— Instructions to follow —
Include the line with "Once your application" and every line before it in the entries below, echoed exactly, but not the pictures.

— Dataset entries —
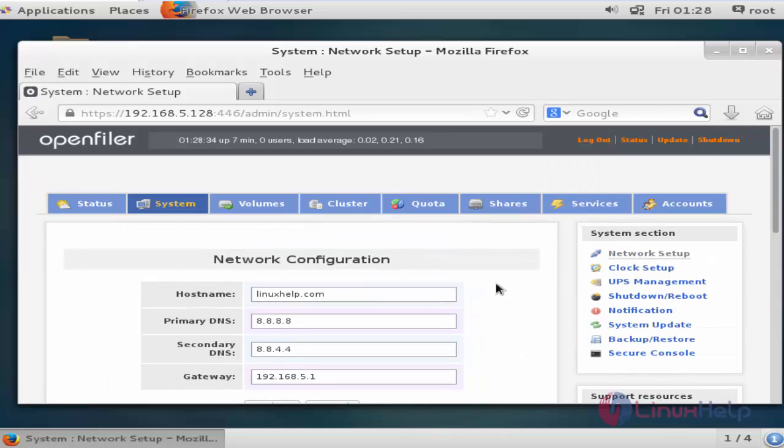In the Accounts section you can manage your OpenFiler accounts. This is the method to install OpenFiler. Enjoy watching this tutorial — thank you for watching.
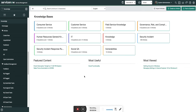Welcome everyone. Today in this video we are going to see how to use flow designers for knowledge management. When we talk about knowledge management it means about the knowledge articles. We are going to use flow designers to trigger reminder notifications to the authors and the manager of the knowledge base whenever a knowledge article is approaching the expiry date or the valid-to date.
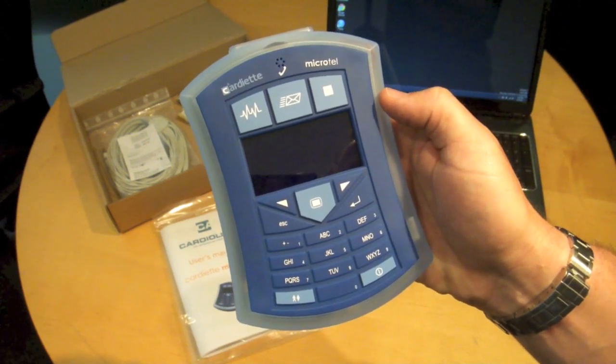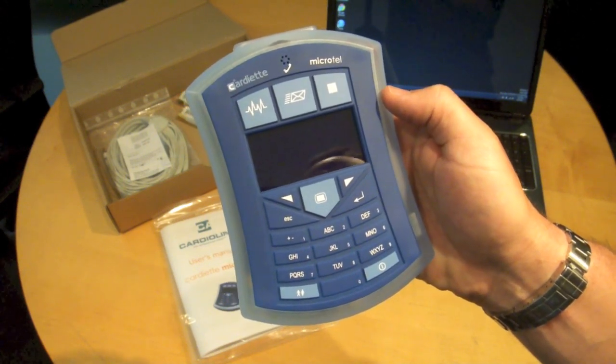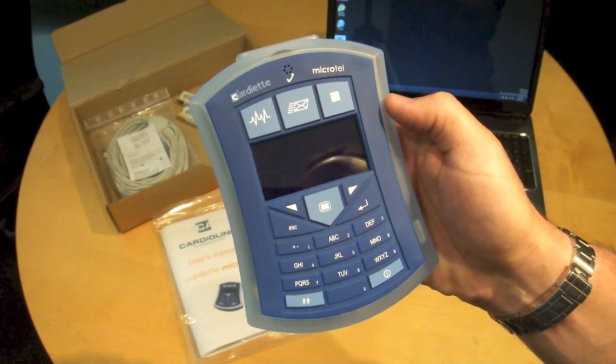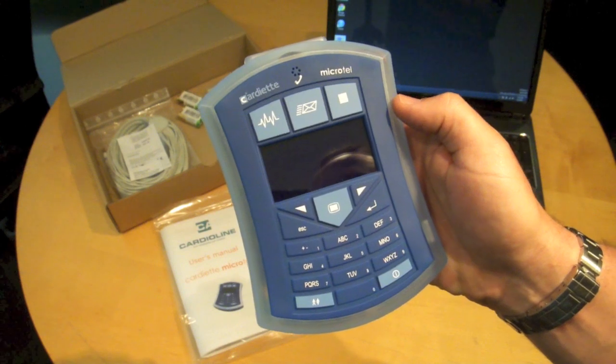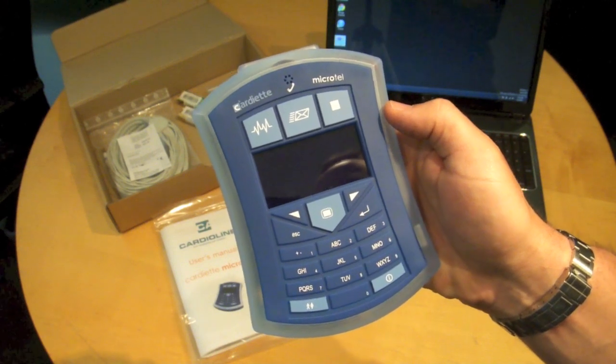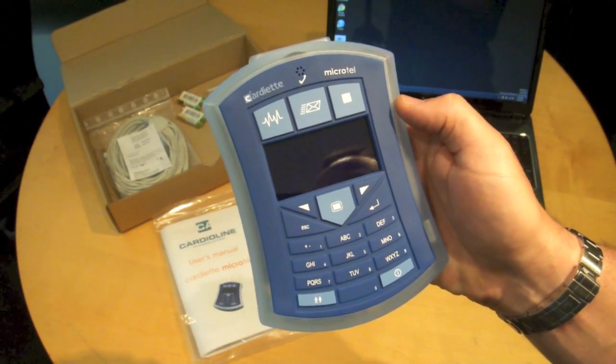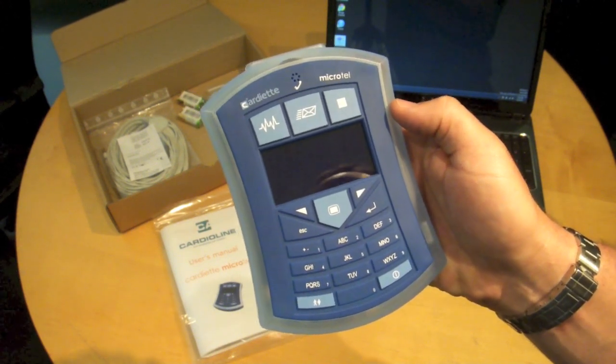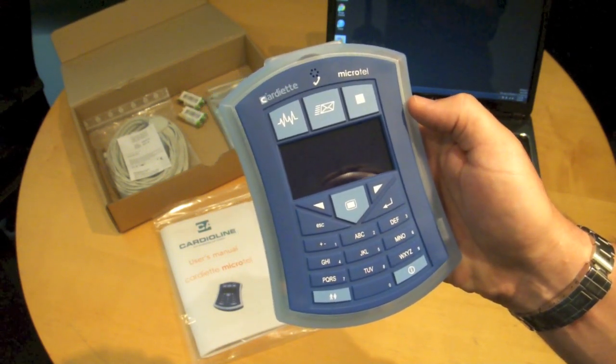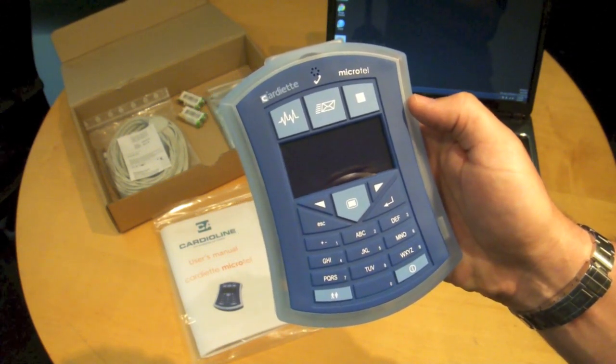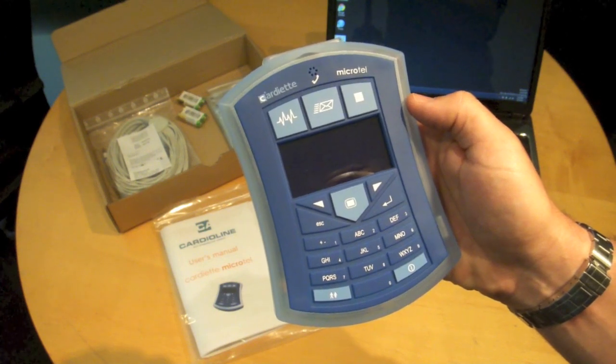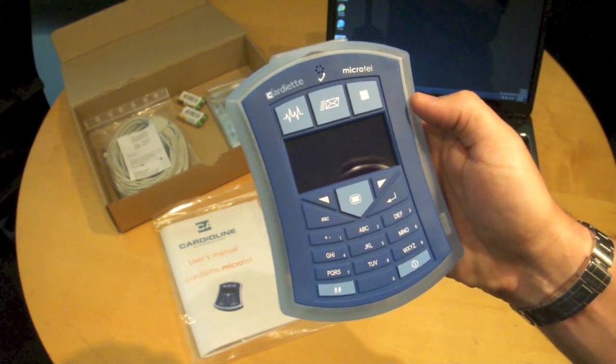You can always of course enter patient data on the software after you've taken the test if you're using standalone mode and prior to taking the test if you're doing so in real time.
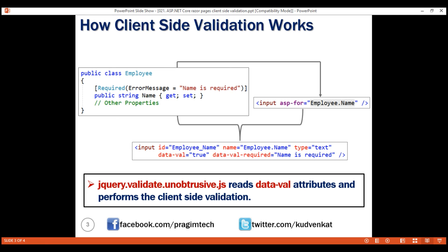However, an end user can easily bypass the client-side validation by disabling JavaScript support in the browser. For this reason, you should never ever rely on just the client-side validation. Irrespective of whether we have client-side validation or not, we should always have server-side validation.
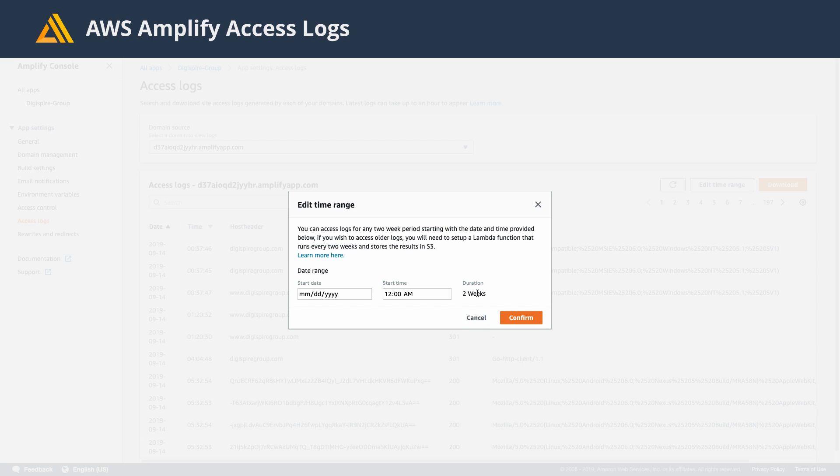The only downside is you have a two-week maximum. Unfortunately, you won't be able to go further than that.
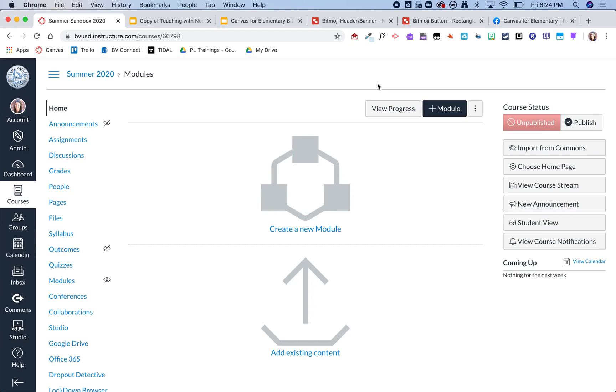Hi guys, this video will show how you can take your Bitmoji classroom and make it your home page in Canvas.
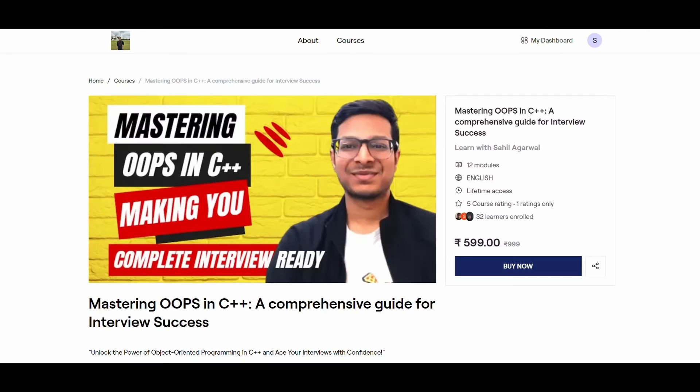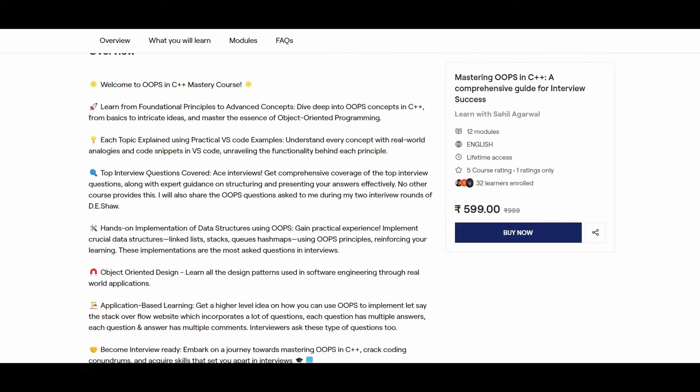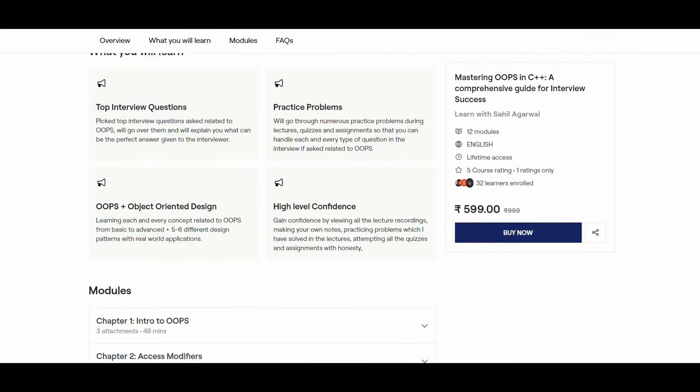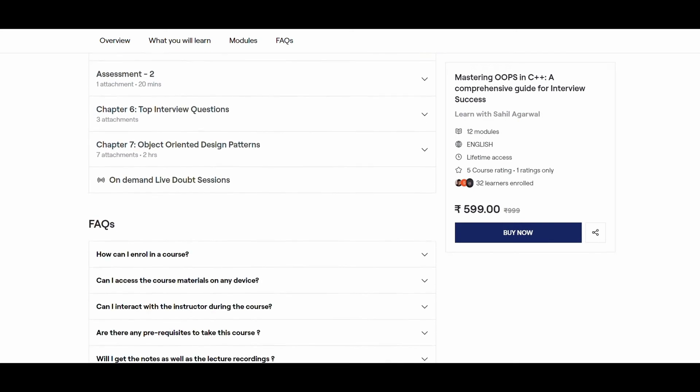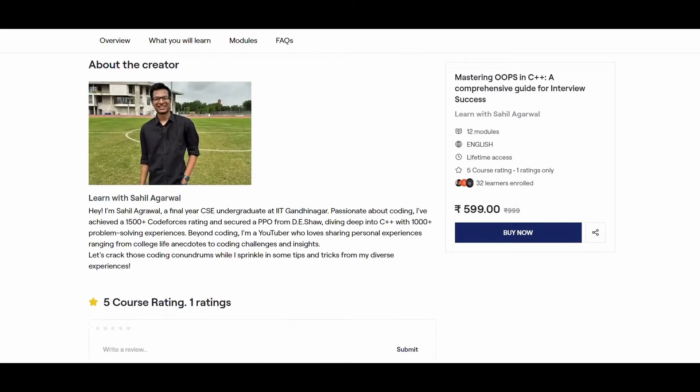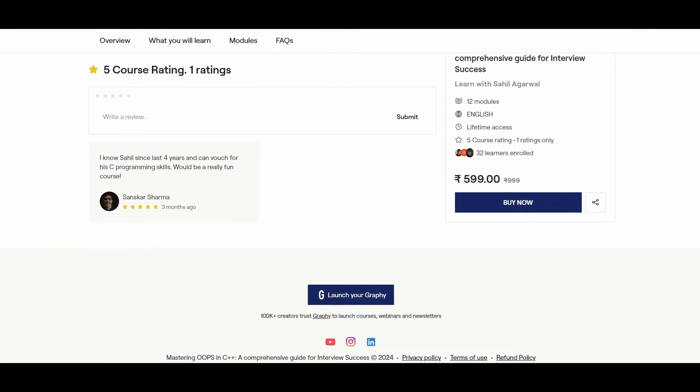Apart from DSA, some core CS subjects are also very important when it comes to coding interviews. One such subject is object-oriented programming, which is very important and many questions are asked on it in coding interviews. I have come up with my own OOP course in C++. The link is in the description — you can check it out.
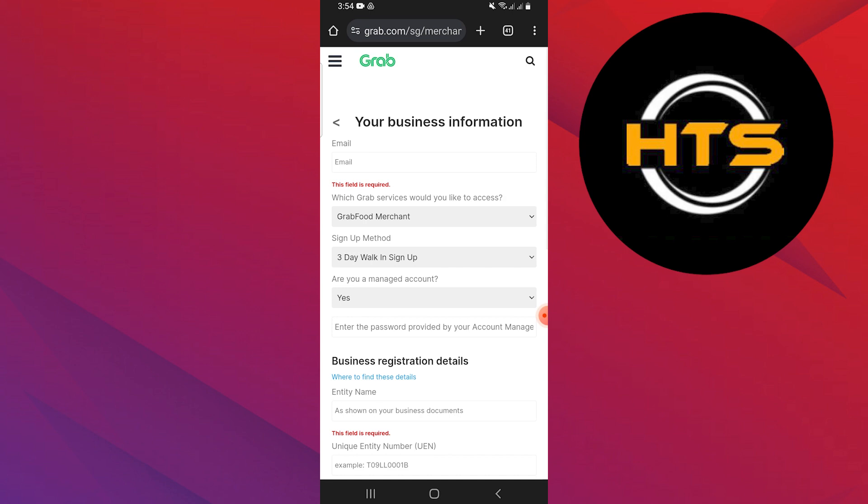Once your application is approved, you will receive confirmation from Grab. You will then be guided through the process of setting up your store on GrabFood, including menu creation, pricing, and store details.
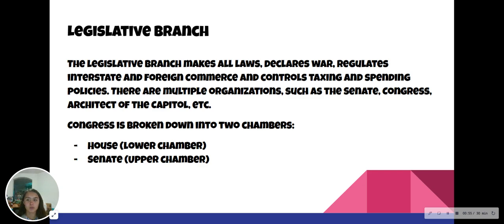Here is the legislative branch. The legislative branch makes all laws, declares war, regulates interstate and foreign commerce, and controls taxing and spending policies. There are multiple organizations such as the Senate, Congress, Architect of the Capitol, and more.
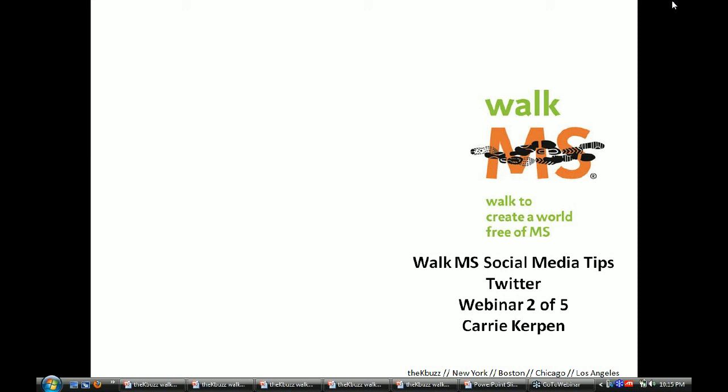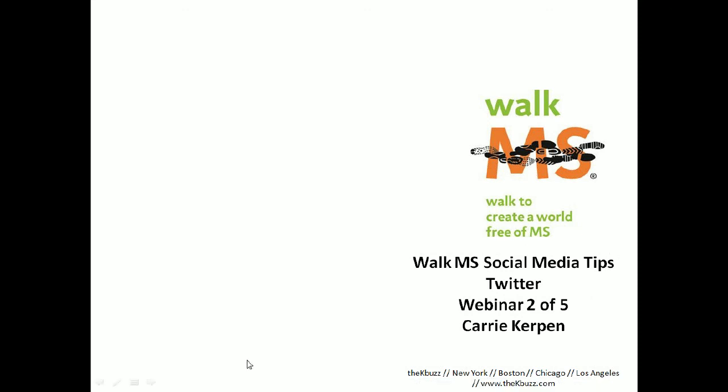It's social media tip time. Hi everybody. I'm Keri Kirpin from the K-Buzz, and today's tips are on Twitter for your Rock MS team. Let's get started now.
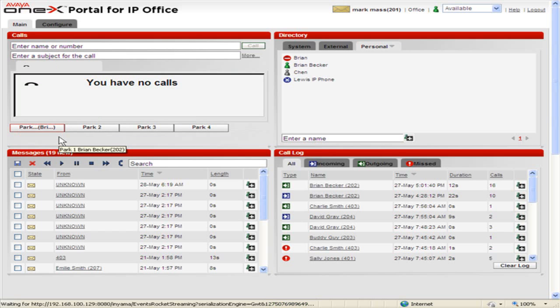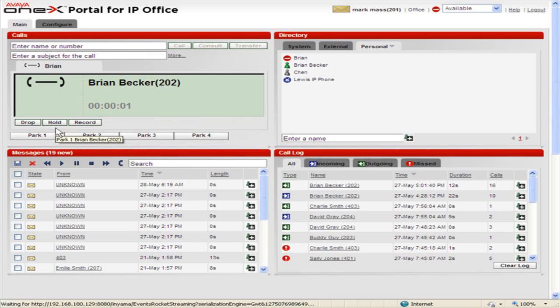To un-park a call, click on the Park button the call is parked on. To transfer the call, select the Enter Name or Number field. Enter the number or contact name to transfer to and click Transfer.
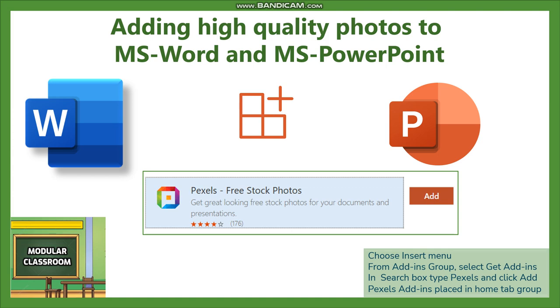Welcome to Modular Classroom. In today's video we will see how to add high resolution, high quality photos to our documents and presentations.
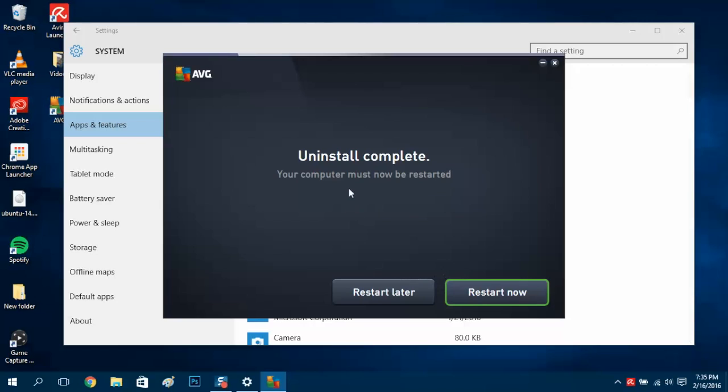When that's done, you can restart your computer now or later. I'll restart mine now. Be right back.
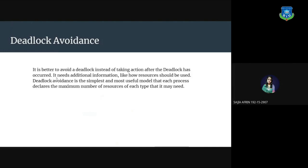Deadlock avoidance. It is better to avoid a deadlock instead of taking action after the deadlock has occurred. It needs additional information, like how resources should be used. Deadlock avoidance is the simplest and most useful model that each process declares the maximum number of resources of each type that is needed.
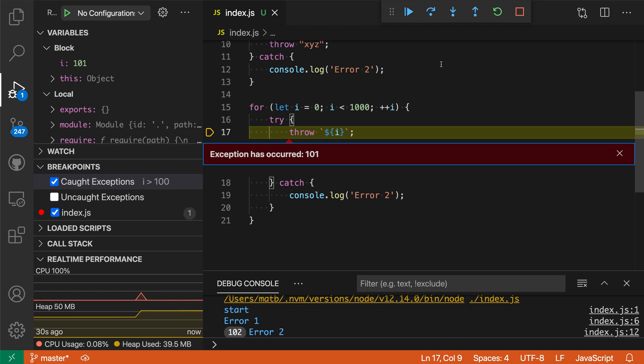That's a quick look at exception breakpoints in VS Code. Not all languages and debuggers support them yet but they're super useful when you have a complex program that might be throwing a lot of different errors and you're only interested in specific exceptions that are actually occurring.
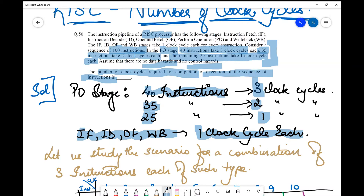The next step is to draw the chart and find the clock cycles. But are we going to solve it for all 100 instructions? Definitely not — we don't have that much time, and it's not an intelligent method. The approach is to determine the pattern. We have clearly identified that there are three kinds of instructions: type 1, type 2, and type 3. So why not take one instruction at a time from all three types, see the number of clock cycles used, then increase the count and check what pattern is followed?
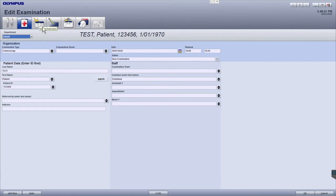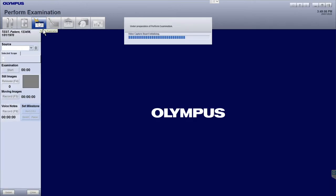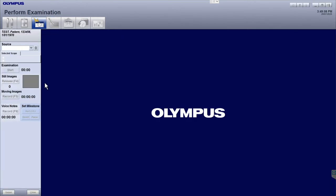The camera flash icon is the perform examination module. This will allow you to capture procedural images into Endobase from your processor. You will also be able to capture procedural milestones here.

— Task solution —
In the Accounts section you can manage your OpenFiler accounts. This is the method to install OpenFiler. Enjoy watching this tutorial — thank you for watching.
Welcome everyone. Today in this video we are going to see how to use flow designers for knowledge management. When we talk about knowledge management it means about the knowledge articles. We are going to use flow designers to trigger reminder notifications to the authors and the manager of the knowledge base whenever a knowledge article is approaching the expiry date or the valid-to date.
You can always of course enter patient data on the software after you've taken the test if you're using standalone mode and prior to taking the test if you're doing so in real time.
However, an end user can easily bypass the client-side validation by disabling JavaScript support in the browser. For this reason, you should never ever rely on just the client-side validation. Irrespective of whether we have client-side validation or not, we should always have server-side validation.
The only downside is you have a two-week maximum. Unfortunately, you won't be able to go further than that.
Hi guys, this video will show how you can take your Bitmoji classroom and make it your home page in Canvas.
Apart from DSA, some core CS subjects are also very important when it comes to coding interviews. One such subject is object-oriented programming, which is very important and many questions are asked on it in coding interviews. I have come up with my own OOP course in C++. The link is in the description — you can check it out.
Once your application is approved, you will receive confirmation from Grab. You will then be guided through the process of setting up your store on GrabFood, including menu creation, pricing, and store details.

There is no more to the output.